10 Ekim’de kana bulanan Ankara Barış Mitingi’ni düzenleyen kitle örgütleri, ihmali bulunan kamu görevlileriyle ilgili olarak bugün Yargıtay Cumhuriyet Başsavcılığı'na suç duyurusunda bulunuyor.
Ankara’daki Batış Mitingi’ni düzenleyen DİSK, KESK, TMMOB ve TTB, Ankara katliamında "kasta varan ağır ihmalleri” bulunan kamu görevlilerinin yargılanması için Yargıtay Cumhuriyet Başsavcılığı'na suç duyurusunda bulunmaya hazırlanıyor.
Kitle örgütleri, bugün yaptıkları açıklamada, saldırı sonrası resmi kaynaklardan yapılan açıklamaları eleştirerek, “mesele teknik bir güvenlik meselesi değil” değil ve henüz cevap verilmeyen sorularını şöyle sıraladı:
Polislerin bulunmayışı ‘tesadüf’ mü?
- Bizler ilk defa miting düzenlemiyoruz. Şu ana kadar Ankara'da düzenlediğimiz mitinglerde de toplanma yeri olan Ankara Garı'nda ve etrafında yüzlerce polisle karşılandık.
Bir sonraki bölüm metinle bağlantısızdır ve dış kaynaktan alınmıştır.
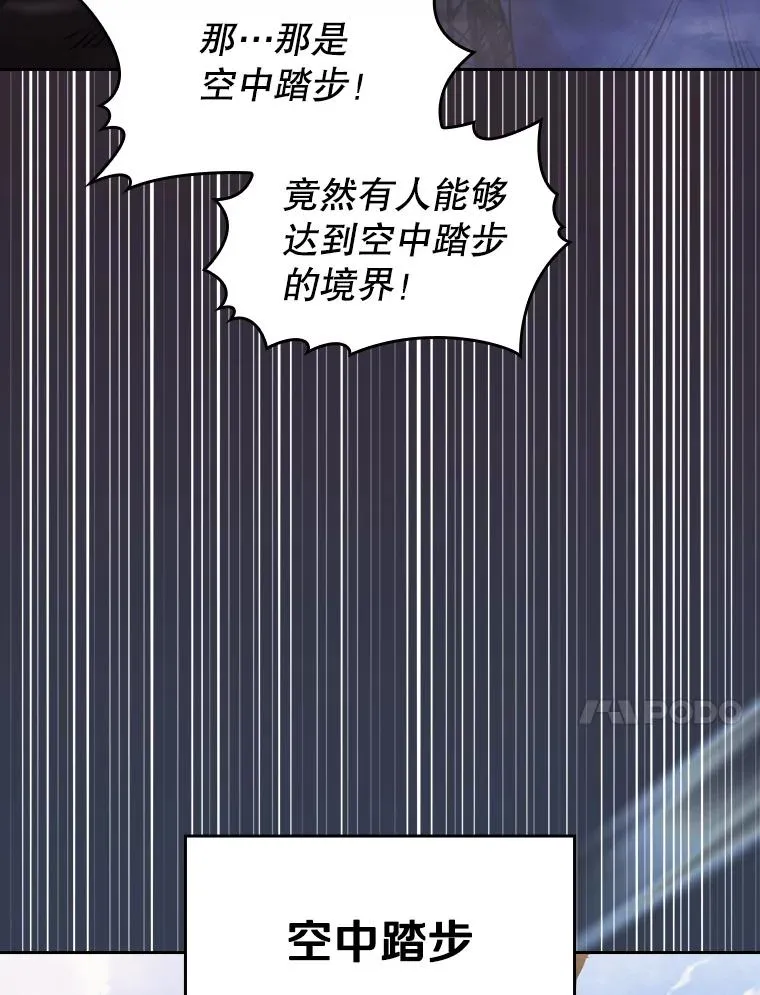 88.爬山 第47页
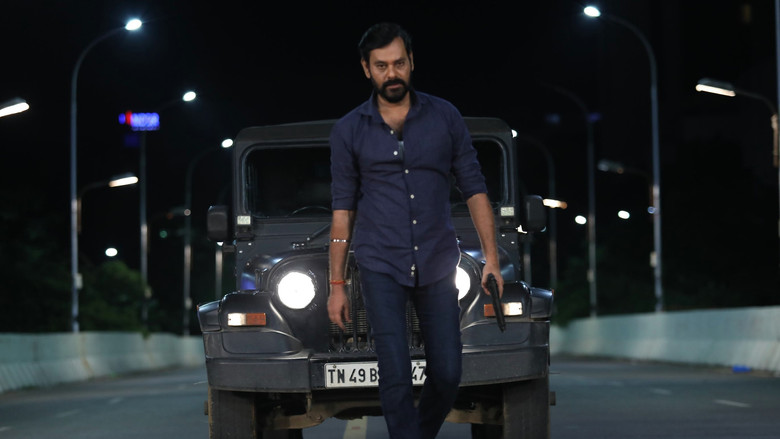 кадр из фильма வால்டர்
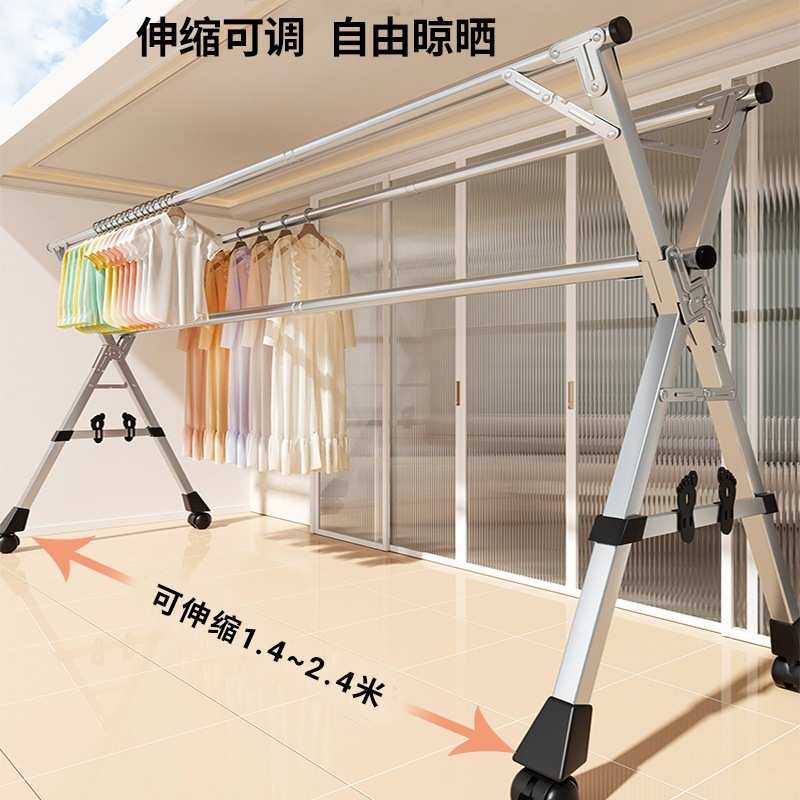 折叠晾衣架落地室内家用阳台卧室不锈钢室外凉伸缩杆式晒被
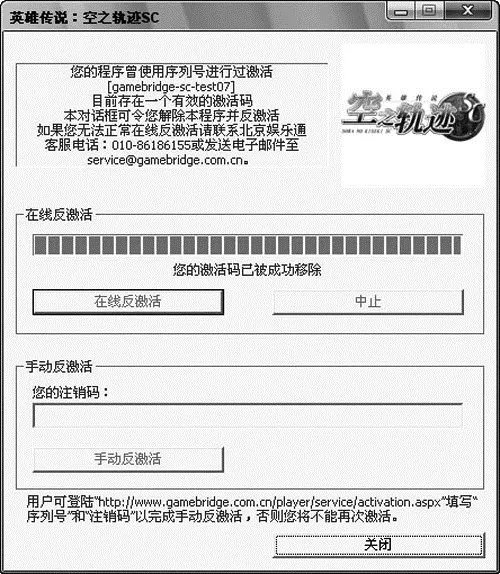 《英雄传说：空之轨迹SC》激活指南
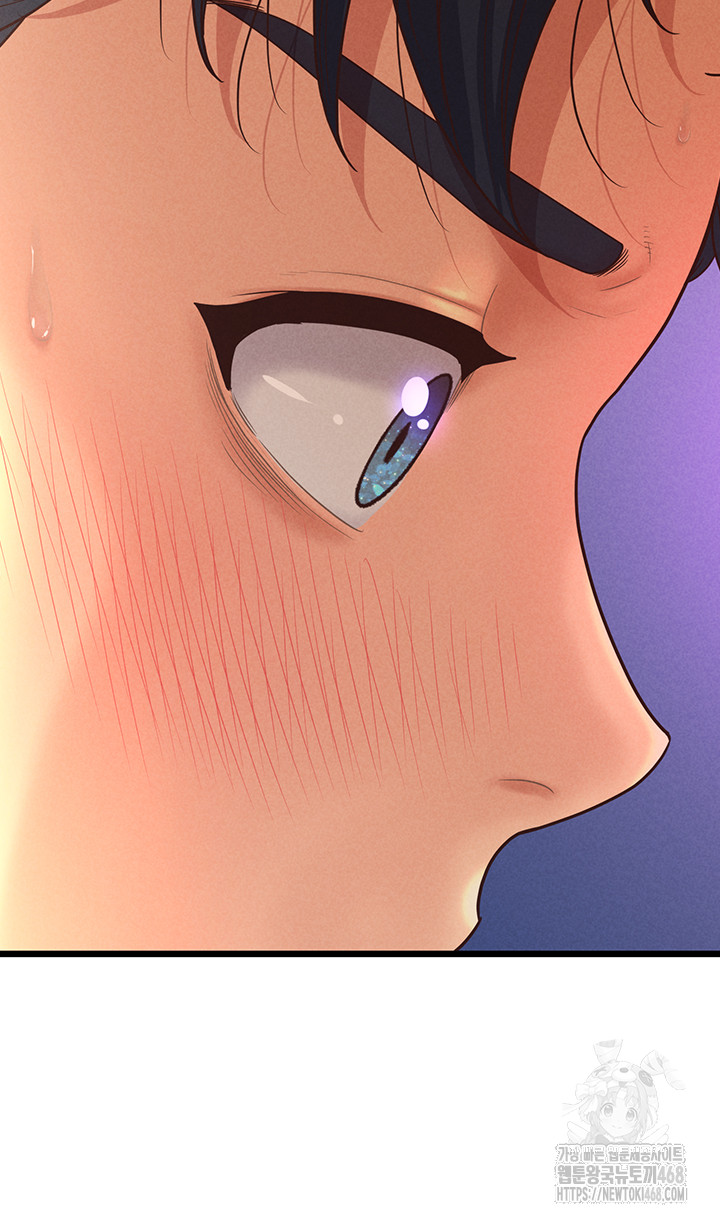 Workplace Relationship Management Raw Chapter 12 image 42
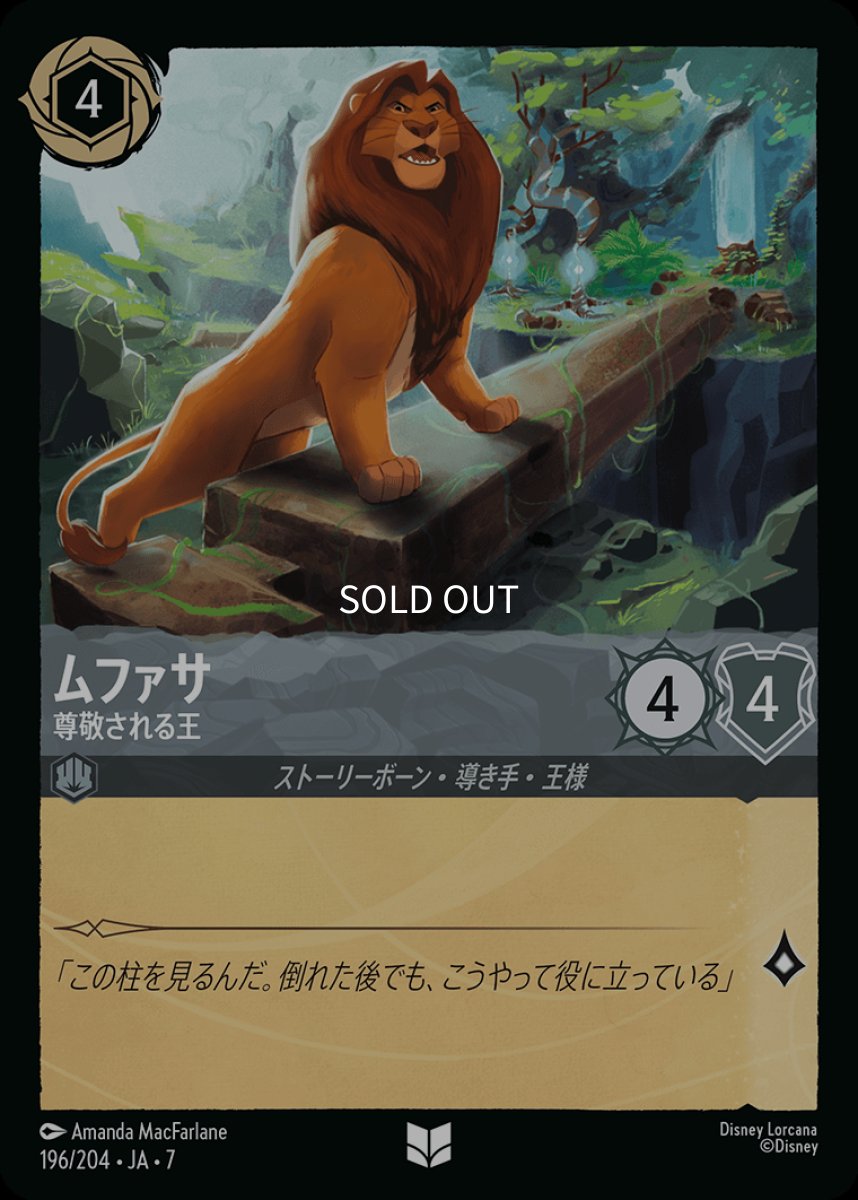 画像1: 【Foil】ムファサ 尊敬される王 (1)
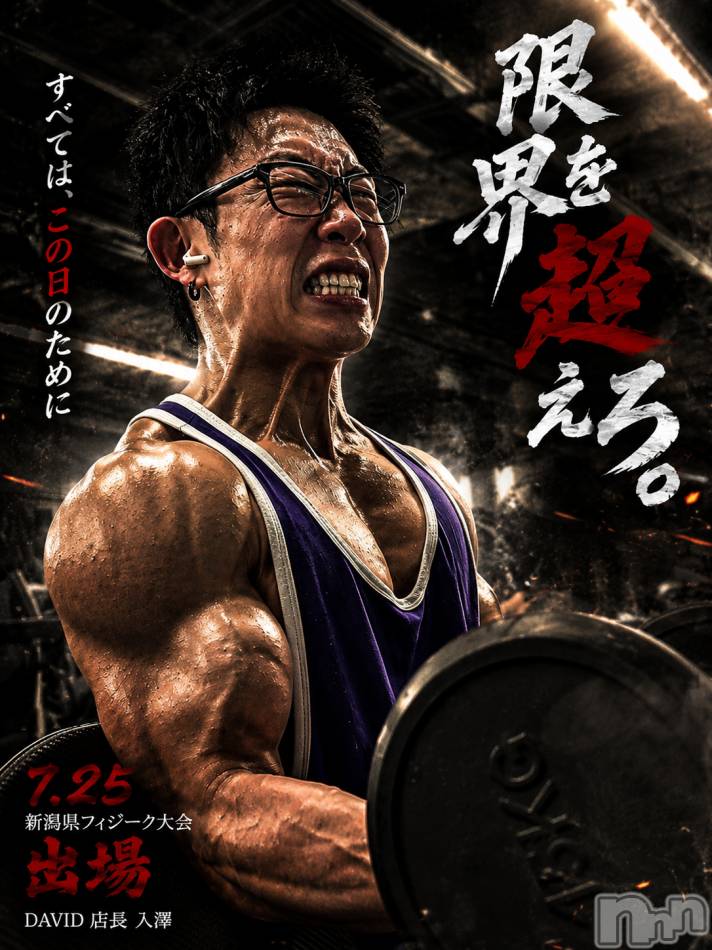 長岡メンズエステ(メンズケア ダヴィデ)の2026年5月19日お店速報「【men's Care DAVID】入澤、フィジーク大会に出場💪」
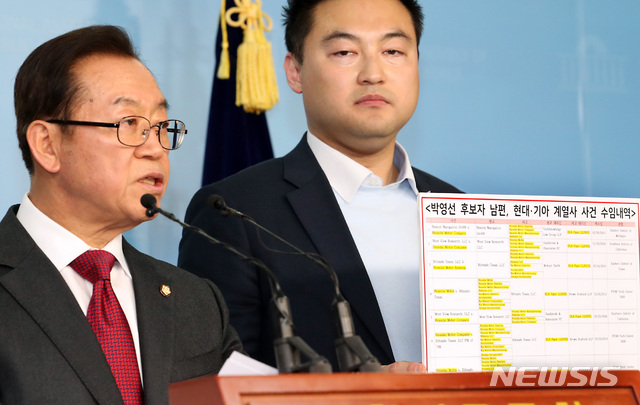 【서울=뉴시스】이종철 기자 = 자유한국당 이종배 의원이 7일 서울 여의도 국회 정론관에서 기자회견을 갖고 박영선 후보자 추가의혹 폭로를 하고 있다. 2019.04.07.&nbsp; jc4321@newsis.com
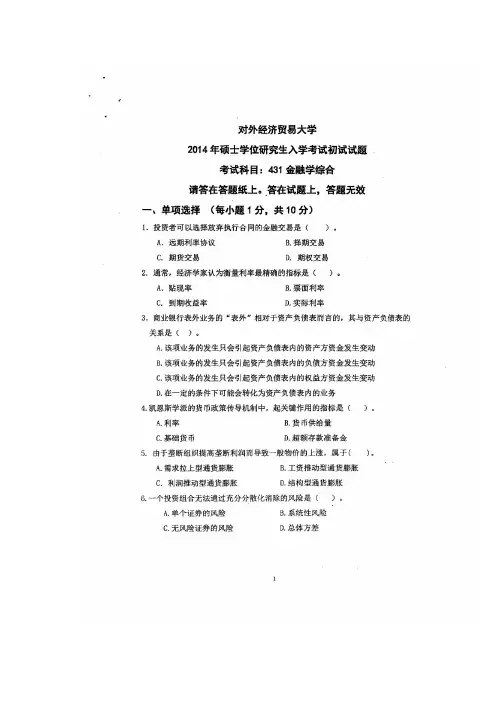 北京对外经济贸易大学考研2014年431金融学综合真题试题和答案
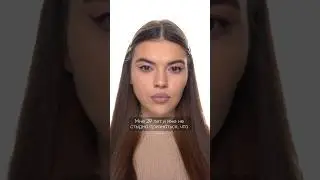 Мне не стыдно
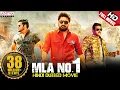 Download MLA No-1 2019 New Released Hindi Dubbed Full Movie | Srikanth, Manchu Manoj, Diksha Panth mp4 3gp mp3 videos - waplic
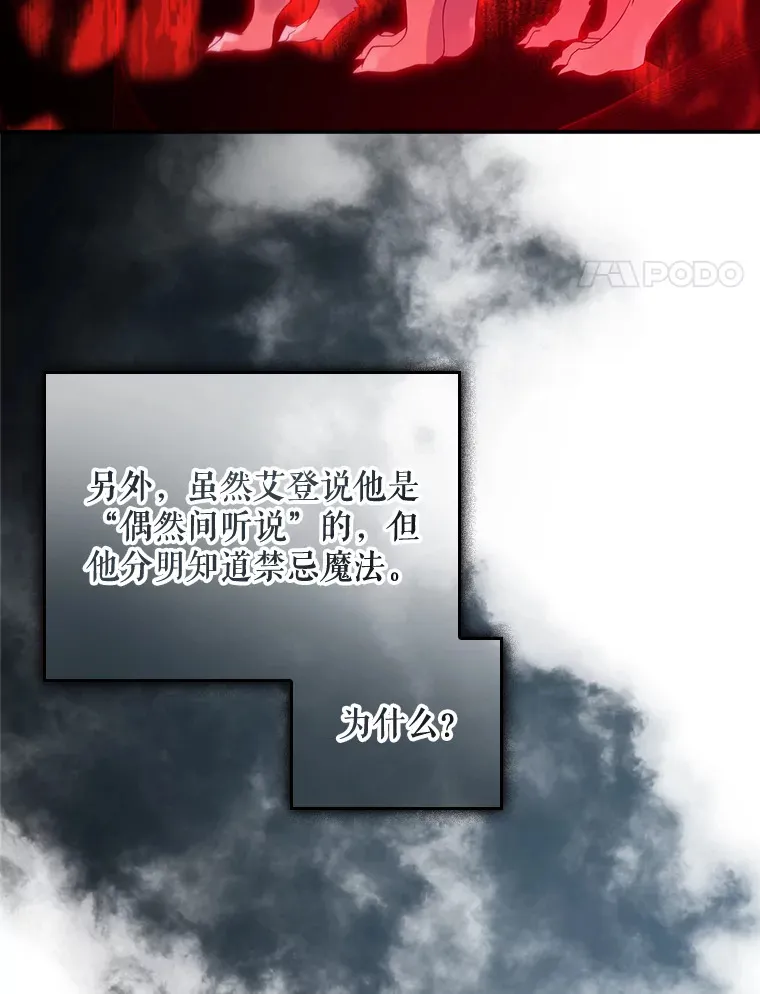 22.被他发现了 第60页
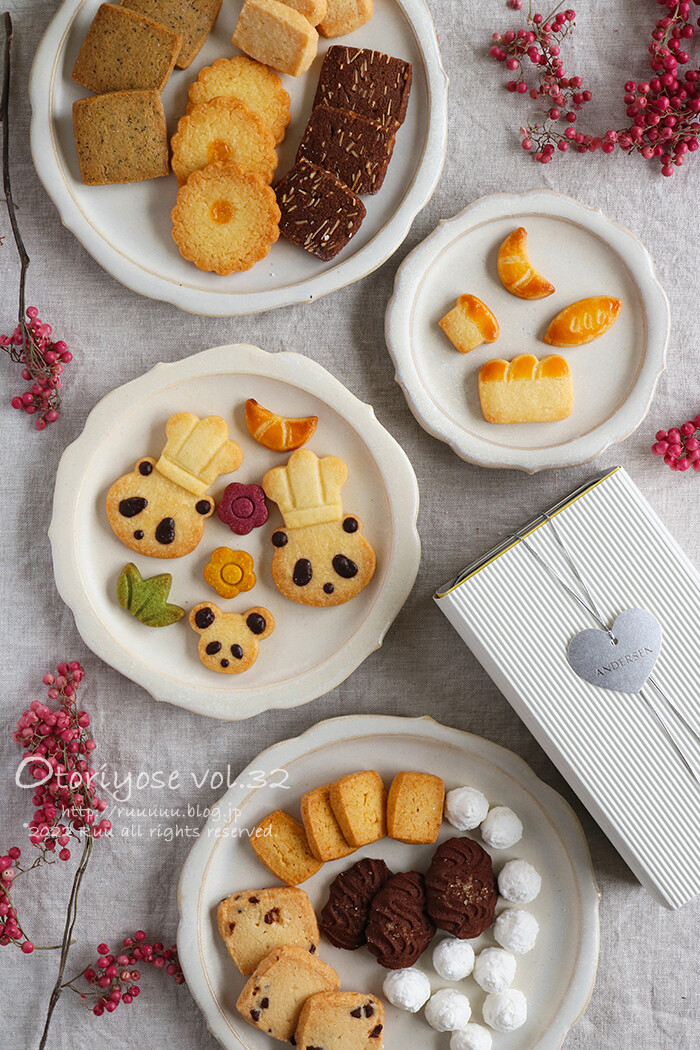 コラム 本当は教えたくない食いしん坊のお取り寄せ かわいいパンダに胸キュン待ったなし 絵本のようなパンダクッキー るぅのおいしいうちごはん Powered By ライブドアブログ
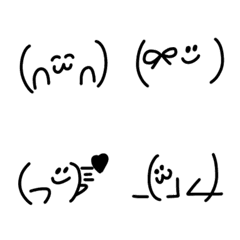 動物の壁紙 最高シンプル 可愛い 顔文字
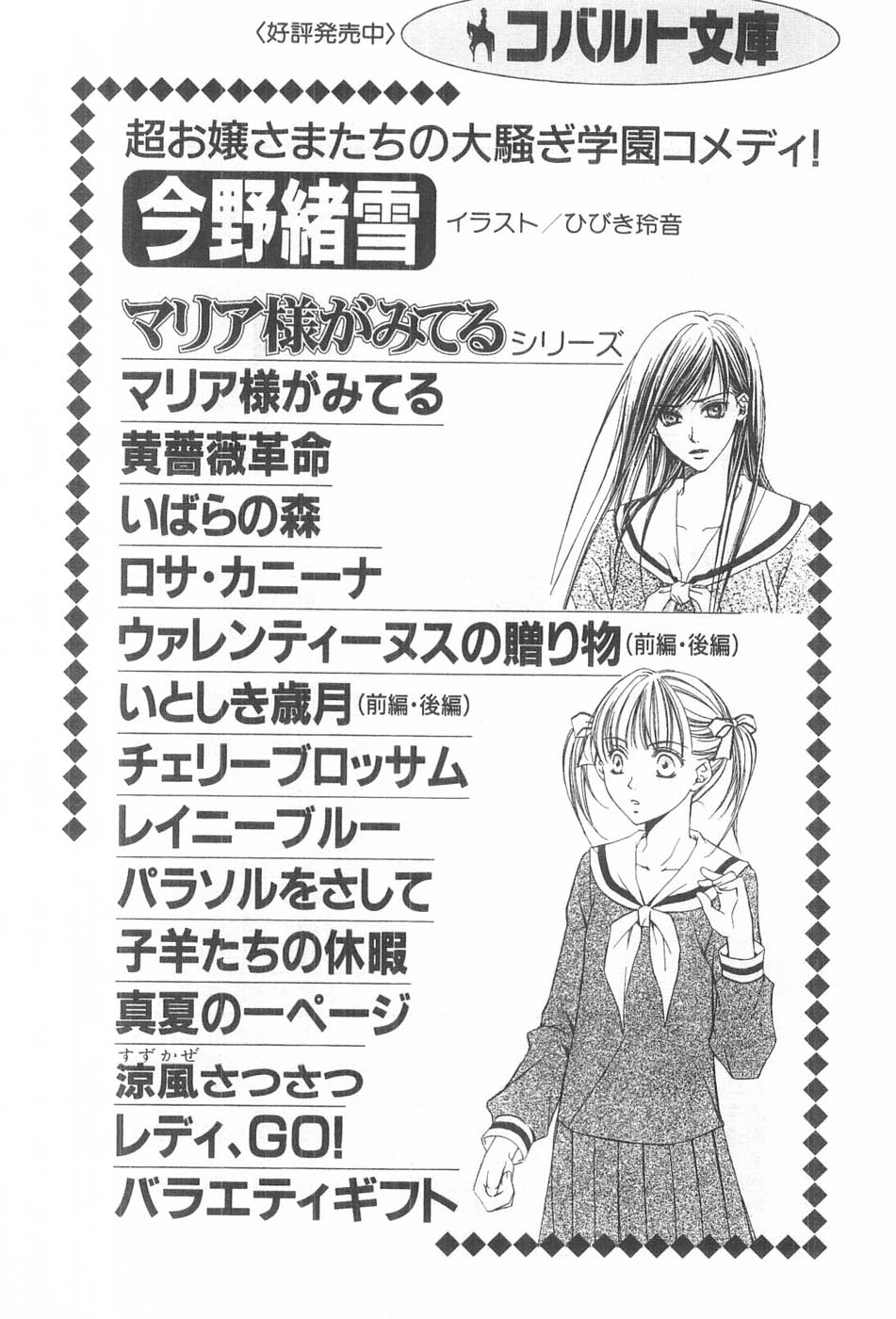 Maria-sama ga Miteru Volume 17 - Image 211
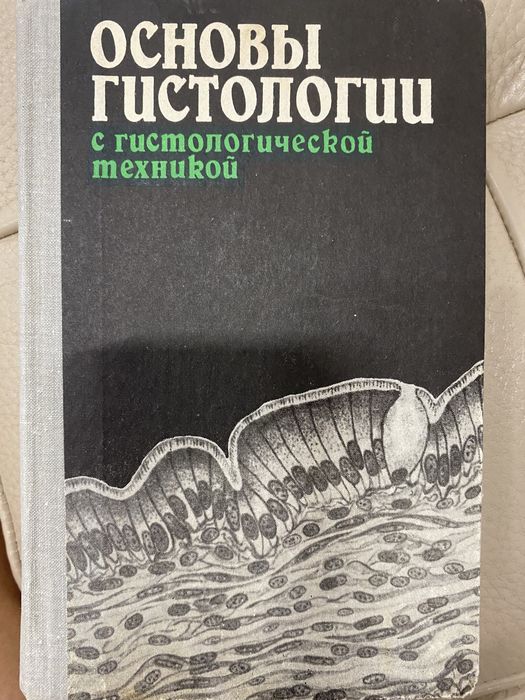 Продаю учебник по медицине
Onlarca mitingde Ankara Garı'nda ve etrafındaki sokaklarda, köprülerde bizleri bekleyen polisin 10 Ekim'de aynı yerde hiçbir varlığının bulunmayışı "tesadüfi” bir ihmal midir?
Miting neden 12.00’ye alındı?
- "Düzenleme Kurulu Görev ve Sorumluluk Talimatı Ekli Alındı Belgesi”nde toplanma saati 8:30 iken, Valiliğin 30 Eylül 2015'te bir tebligat gönderip miting için uygun saatleri 12:00-16:00 olarak bildirmesinin nedeni nedir?
- Şehir dışından gelenlerin sabah erken saatlerde Ankara Garı'na varacağını, bunun Valilik yazısı ile uyumsuz olacağını bildirdiğimizde neden Valilik yazısı değiştirilmemiş, "sorun olmaz” denilip geçilmiştir?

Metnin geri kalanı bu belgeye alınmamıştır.